FAQ - Some common questions on XDR


#1

Summary

XDR (Cross-Datacenter Replication) is a feature of the Enterprise edition of Aerospike which allows one cluster to synchronize with another cluster over a longer delay link. This covers some FAQ on XDR management. For more information on XDR, please see XDR Architecture.

1) How can we detect XDR conflicts or failure in case of Active-Active setup where both source and destination are receiving writes?

Unfortunately, there are too many variables in this scenario and there currently is no way to 100% reliably detect that a conflict happened. So, we suggest a datamodel level workaround for people who are worried by suggesting them to keep the records in two different sets/namespaces, each DC writes to its own set/ns. This will avoid real conflict. However, the user would need to read from both the records and merge them using their business logic as and when needed.

2) If I see generation count to be the same in both the source cluster and destination cluster, who wins: XDR or local cluster?

XDR does not check the generation of records when writing at a destination. Older versions of XDR (prior to 3.8) had a configuration which would force XDR writes with generation check (xdr-forward-with-gencheck when set to true).

However, there were complications with using the gencheck in some scenarios including cases with deletes and re-creation of records, therefore this configuration option was deprecated since 3.8.1

So, whenever XDR writes to it’s destination, it will overwrite the destination copy (updating the meta-data of the record like TTL, generation number, etc).

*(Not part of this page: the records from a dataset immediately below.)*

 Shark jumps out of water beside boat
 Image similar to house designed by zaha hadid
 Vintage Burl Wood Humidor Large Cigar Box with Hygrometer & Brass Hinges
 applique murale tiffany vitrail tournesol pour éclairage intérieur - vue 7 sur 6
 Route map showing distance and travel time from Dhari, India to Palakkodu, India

Also, XDR version 3.8.3 and above supports a configuration to only ship the bins that have been updated. See xdr-ship-bins for more details.

3) Does XDR preserves the generation of records that are shipped?

The generation of records is independent on each cluster. Here are a couple of examples to illustrate situations where the generation will not match between a source and the destination:

  1. XDR has a hotkey de-duplication mechanism (refer to xdr-hotkey-time-ms for details). Therefore, multiple update at a source cluster (multiple generation increments) could result in much fewer updates at the destination (fewer generation increments).

  2. XDR may not have been setup initially on a source cluster. In such situation, the first time a record is processed and shipped from the source cluster (for example with a generation greater than 1), it will be written up with a generation of 1 on the destination cluster (assuming the record didn’t exist there previously).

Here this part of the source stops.